About this task: Locate the line containing "Dorcel Real Vibration" in the material below. Copy that line and all following lines through the end exactly, omitting any pictures.

** Opening Dataset content block **

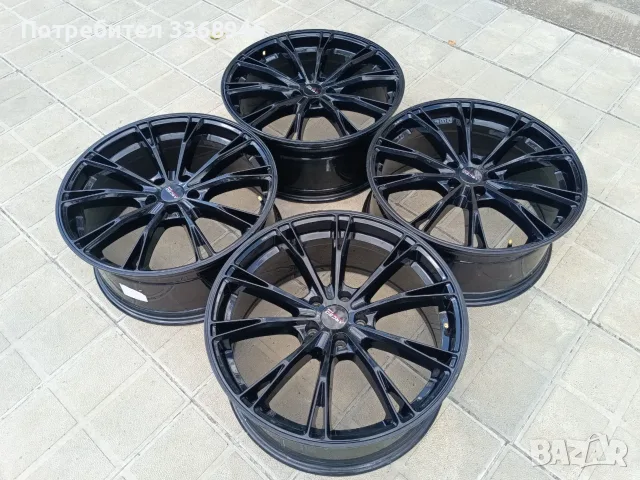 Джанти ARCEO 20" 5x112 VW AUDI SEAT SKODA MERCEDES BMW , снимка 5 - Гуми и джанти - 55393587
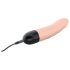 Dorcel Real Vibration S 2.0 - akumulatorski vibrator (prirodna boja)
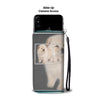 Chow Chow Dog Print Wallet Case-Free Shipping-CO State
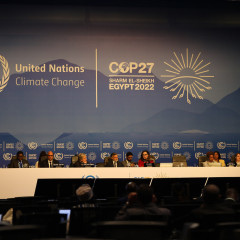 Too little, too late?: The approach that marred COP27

** Closing Dataset content block **

Exercise solution:
 Dorcel Real Vibration S 2.0 - akumulatorski vibrator (prirodna boja)
 Chow Chow Dog Print Wallet Case-Free Shipping-CO State
 Too little, too late?: The approach that marred COP27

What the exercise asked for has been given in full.